Sur le plan humanitaire, la situation demeure dramatique. Dans les camps de Tindouf, en territoire algérien, vivent plus de 170 000 réfugiés selon le HCR. L’accès à l’eau reste limité, la malnutrition chronique touche près d’un tiers des enfants selon l’UNICEF, et les infrastructures éducatives et sanitaires sont précaires. Les ONG comme Human Rights Watch ou Amnesty dénoncent aussi la répression des dissidences internes dans les camps, la persistance de pratiques d’esclavage et l’absence de mécanismes judiciaires crédibles. De l’autre côté du mur, dans les zones contrôlées par Rabat, des militants sahraouis dénoncent intimidations policières et arrestations arbitraires. En février 2025, la rapporteuse spéciale de l’ONU Mary Lawlor a pointé les violences subies par des défenseurs des droits humains sahraouis, accusations rejetées par le Maroc comme de la propagande du Polisario. Entre ces deux réalités, les populations civiles continuent de vivre dans une forme de suspension, dépendantes de l’aide internationale et enfermées dans un conflit sans horizon clair.

 

Le recours au droit : victoires symboliques

Le front juridique, lui, offre parfois au Polisario des victoires symboliques, comme les décisions de la Cour de justice de l’Union européenne annulant les accords de pêche ou d’agriculture avec Rabat.

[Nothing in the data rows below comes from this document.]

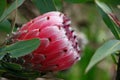 Pink Protea Flower, Hawaii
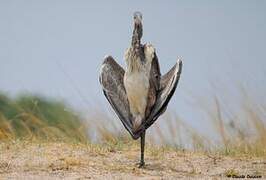 Goliath Heron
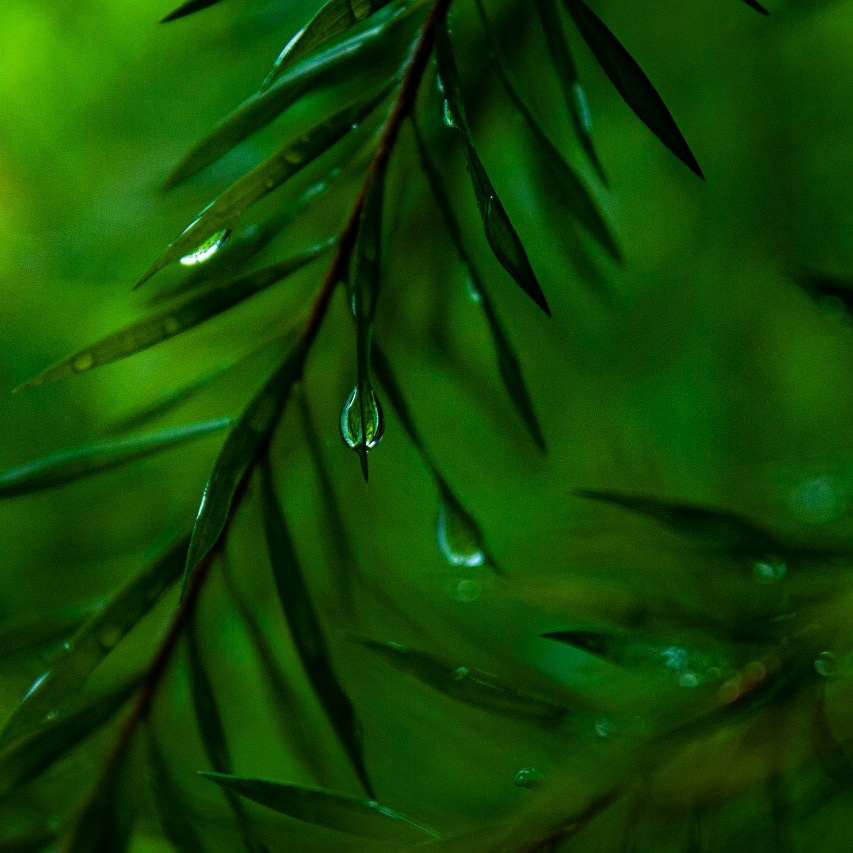 Dew drops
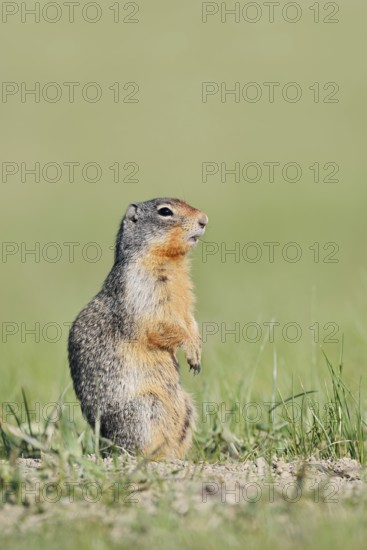 Columbia ground squirrel (Urocitellus columbianus, Spermophilus columbianus) standing upright in a
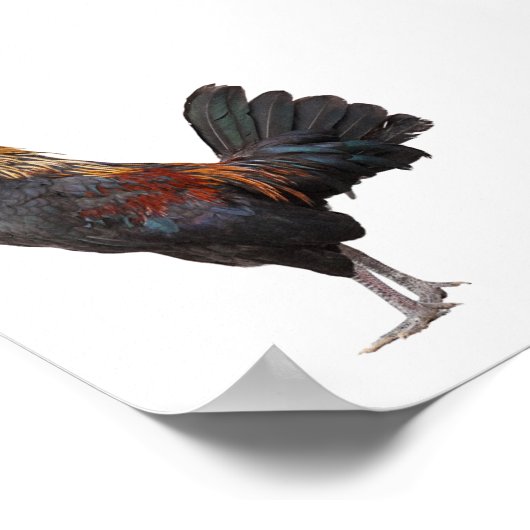 Poster Clouer le poulet (Coin)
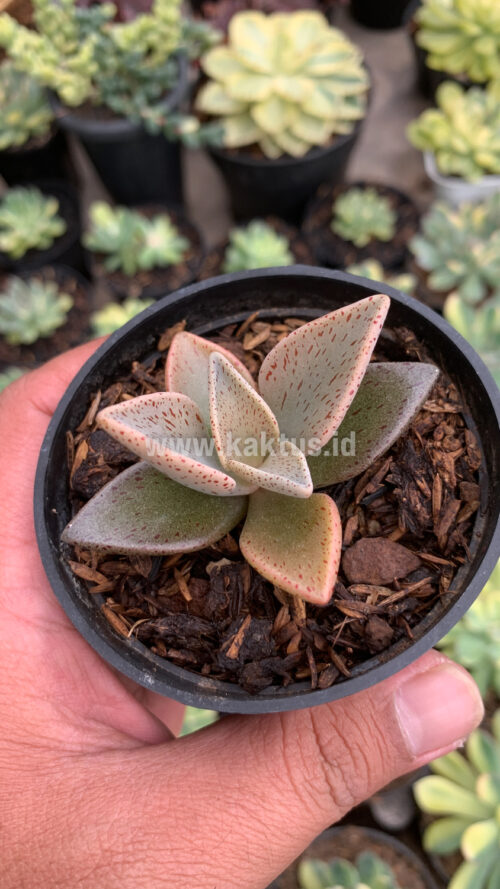 Lenophyllum Guttatum, real gallery image #4 plants. Picture taken directly from kaktus.id community Lenophyllum farmer green houses.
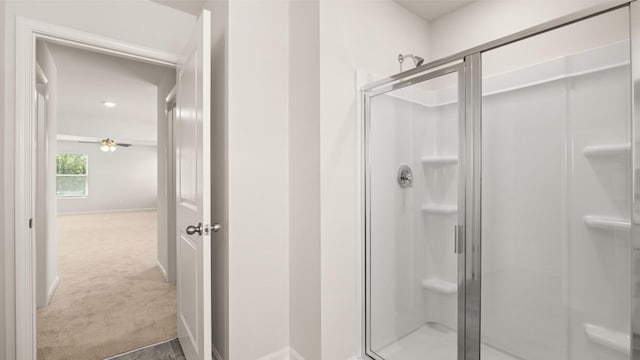 bathroom with walk in shower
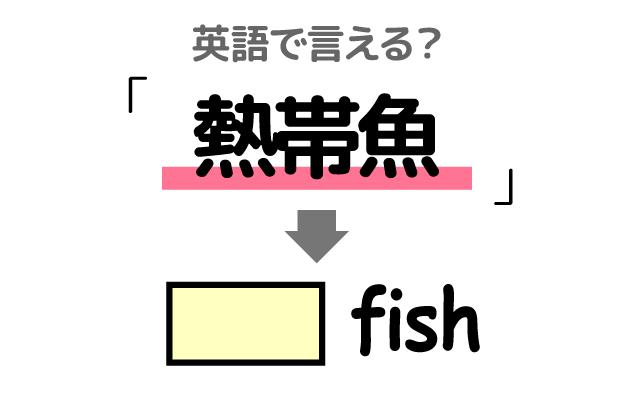 魚の【熱帯魚】は英語で何て言う？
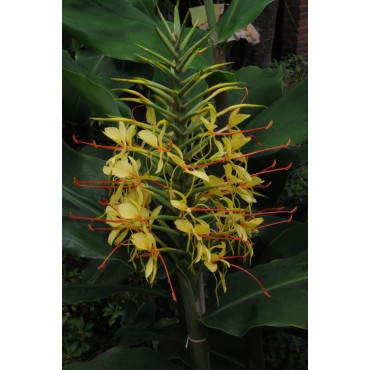 Hedychium gardnerianum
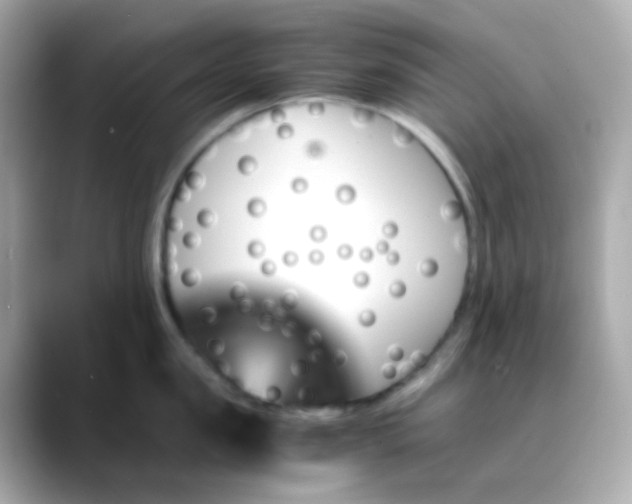 X0000088460957200706051322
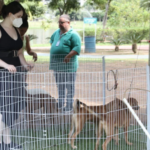 Cepad divulga calendário de feiras de adoção de pets em Barueri no mês de junho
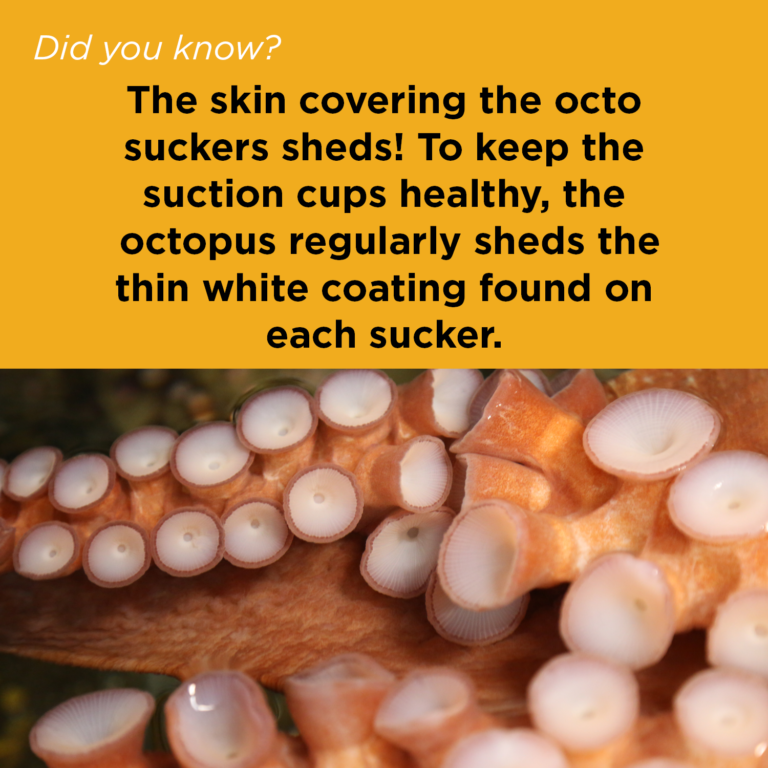 Did You Know - Giant Pacific Octopus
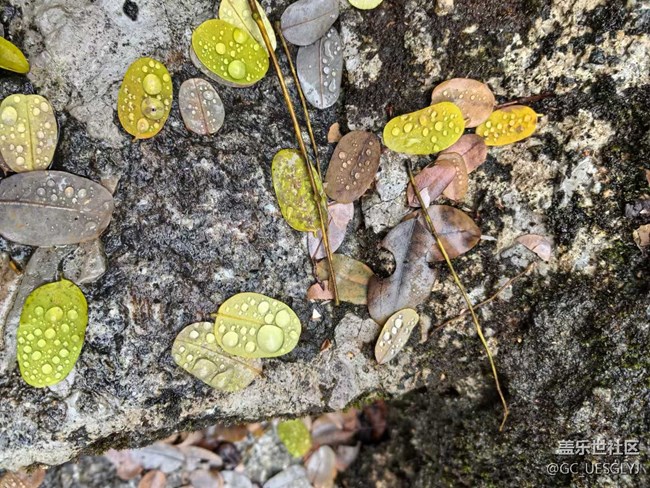 【春天的故事】山林逸趣，邂逅自然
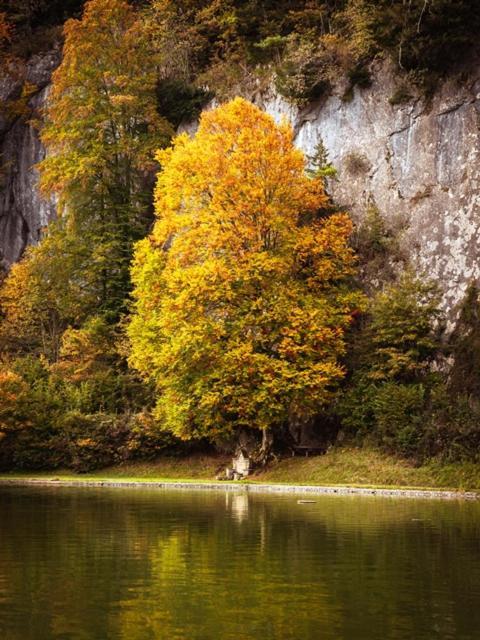 Das Luegstein Kiefersfelden Exteriör bild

Mais ces victoires restent sans effet concret, car l’UE et ses États membres cherchent aussitôt à contourner les arrêts ou à renégocier de nouveaux textes. L’avis rendu en 1975 par la Cour internationale de justice, affirmant que le Sahara occidental n’appartenait ni au Maroc ni à la Mauritanie avant la colonisation espagnole, demeure une référence pour le Polisario, mais il n’a jamais été suivi d’effet pratique.

 

Un échiquier international sans arbitre

Ainsi se maintient, en 2025, l’un des derniers conflits de décolonisation du monde. Un conflit où deux visions s’opposent sans se rejoindre : celle d’un État sahraoui indépendant soutenu par l’Algérie, et celle d’un Sahara intégré au Maroc et présenté comme une région modèle de développement. Les intérêts extérieurs renforcent ce blocage : l’Algérie y voit une manière d’affaiblir Rabat et de conserver une profondeur stratégique ; le Maroc s’appuie sur ses alliances avec Israël, les États-Unis et désormais une partie de l’Europe ; la France mise sur la stabilité et sur ses relations historiques ; l’Union européenne sur les ressources ; les États-Unis et Israël sur la géopolitique régionale et le contrôle des routes atlantiques.

 

L’éternel recommencement

Au bout du compte, ce qui prévaut est une forme de statu quo mouvant, où la guerre ne s’enflamme pas mais où la paix ne s’installe pas non plus. Pour les Sahraouis, le temps s’écoule dans les camps ou derrière le mur comme une attente interminable. Pour les chancelleries, le Sahara occidental reste un dossier secondaire, qu’on gère à coups de rapports onusiens et d’accords commerciaux, en espérant que le conflit reste contenu. Octobre 2025 apporte une nouvelle échéance, mais à moins d’une volonté forte de bousculer les équilibres, c’est encore le désert qui dicte sa loi, avec ses étendues silencieuses, son horizon sans fin et ses conflits invisibles aux yeux du monde.